According to The New York Times, Dodd's idea for overhauling financial regulation includes four key elements:
- Give shareholders a voice. It would allow shareholders advisory votes on executive pay and let them nominate public company directors through company proxy ballots.
- Protect consumers. It would create a consumer financial protection agency (CFPA) whose director would be appointed by the president and would write rules pertaining to "mortgages, credit cards, payday loans and a wide range of other financial products."
- Reduce the Fed's power. It would strip the Federal Reserve of the power to oversee bank holding companies with assets below $50 billion while entrusting it "to regulate systemically important nonbank financial institutions."
- Create a systemic risk council. It would create a council headed by the Treasury Secretary and including representatives of the Fed, the CFPA, the Federal Deposit Insurance Corp., the Securities and Exchange Commission, the Commodities Futures Trading Commission, the Federal Housing Authority and the insurance industry to uncover, seize and dismantle large financial firms on the brink of collapse.

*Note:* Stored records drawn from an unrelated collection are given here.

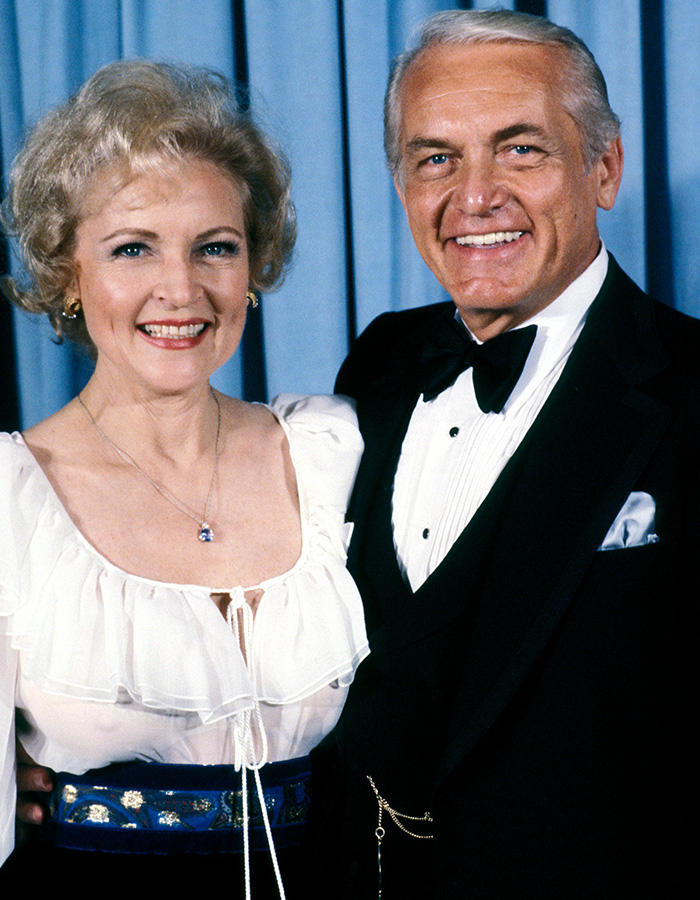 Two 55-year-old celebrities dressed elegantly posing together, prompting debate among surgeons and fans about changes over time.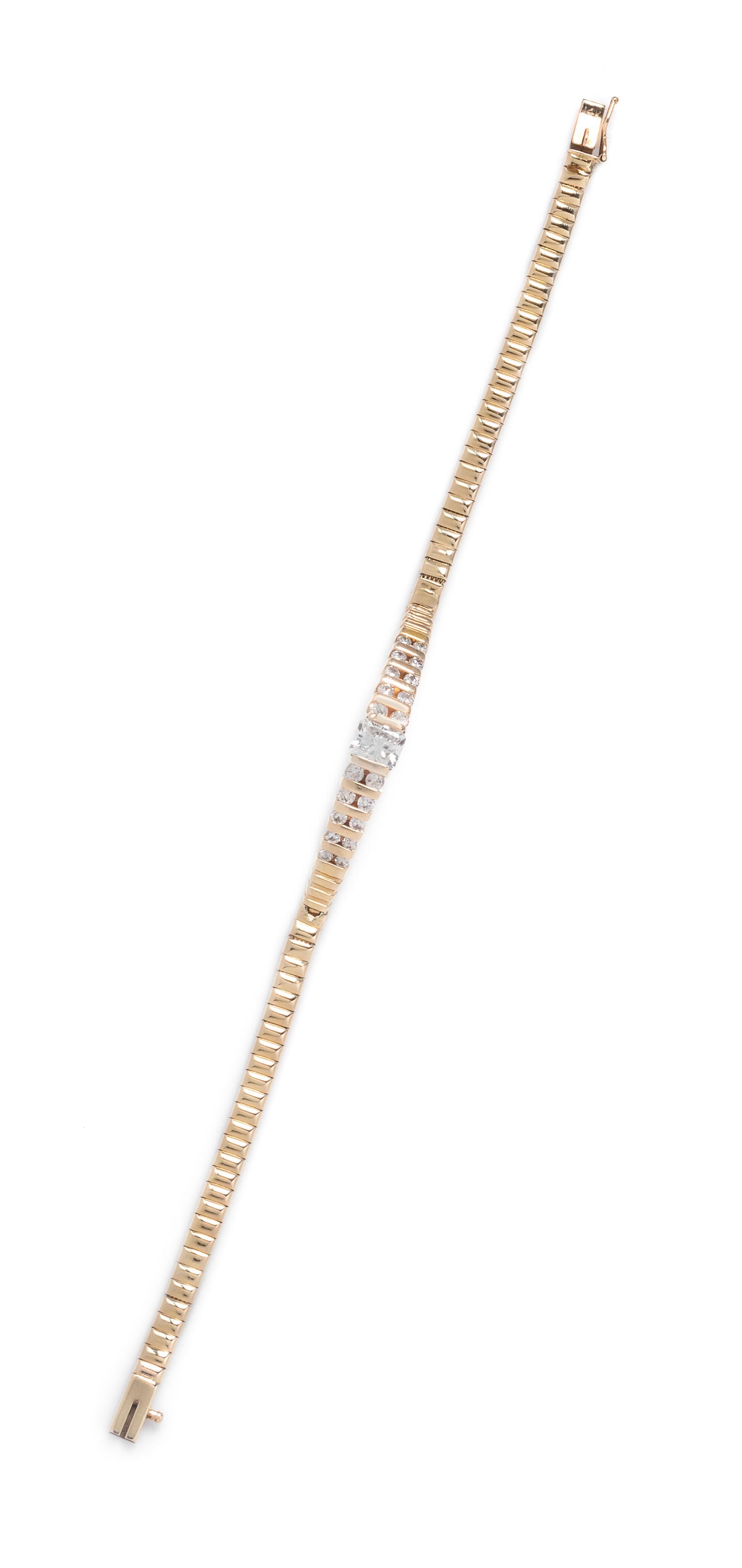 A 14 Karat Yellow Gold and Diamond Bracelet,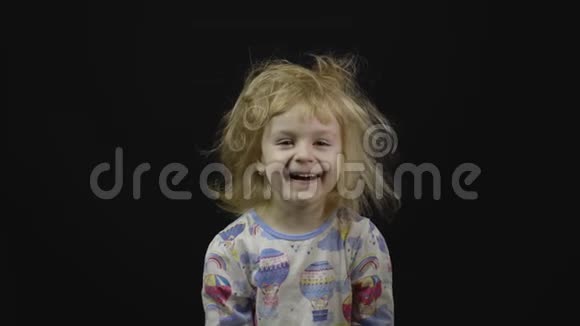 睡衣里的小女婴在到处瞎弄鬼脸黑色背景视频的预览图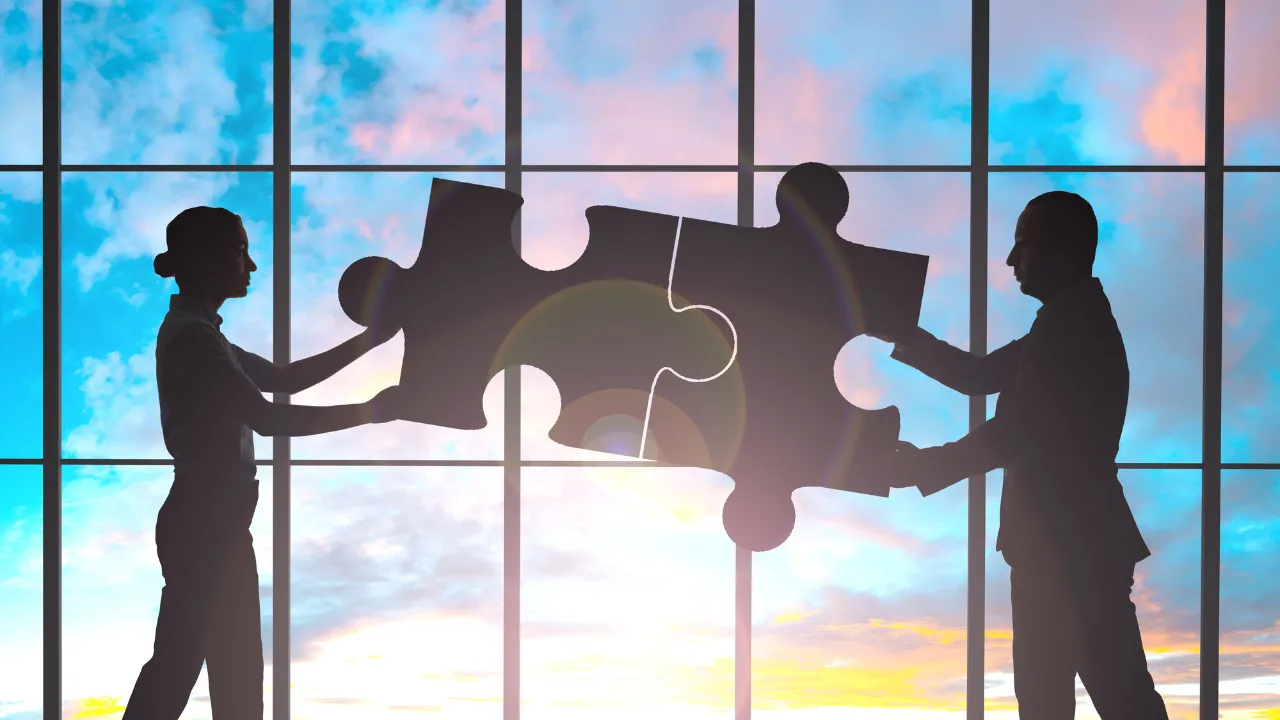 Partners depicted as puzzle pieces fit together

How so? Giving shareholders a voice might release some steam from those who are angry, but the shareholder votes would be nonbinding. The CFPA isn't going to substitute for consumers' need to take the time to read contracts before they sign them. And changing what the Fed regulates just shifts the deck chairs among Washington's regulatory agencies.

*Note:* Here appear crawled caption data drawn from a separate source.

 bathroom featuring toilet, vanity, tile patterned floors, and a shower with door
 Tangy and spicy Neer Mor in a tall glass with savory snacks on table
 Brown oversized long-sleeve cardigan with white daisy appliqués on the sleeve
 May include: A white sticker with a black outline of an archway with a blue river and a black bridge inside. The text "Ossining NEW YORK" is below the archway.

An Alphabet Soup of Regulators
The biggest problem with Dodd's proposal is that it's likely to fail to preemptively dismantle any institution whose collapse could put the world's financial system at risk. His proposal enshrines TBTF institutions and creates an alphabet soup of regulators who would spend so much time fighting among themselves that they probably won't even notice if one of these financial volcanoes is about to erupt.
After the Great Depression, the Glass-Steagall Act separated the businesses of commercial and investment banking. This led to the breakup of the biggest financial institutions and kept them from getting too big. To keep another financial collapse from happening, we need to dispense with the flawed idea that TBTF is a viable concept as long as it's properly regulated.
Instead, we need to replace that bad idea with one that worked until Glass-Steagall was repealed in 1999: Every financial institution ought to be Too Small to Cause Systemic Collapse (TSTCSC).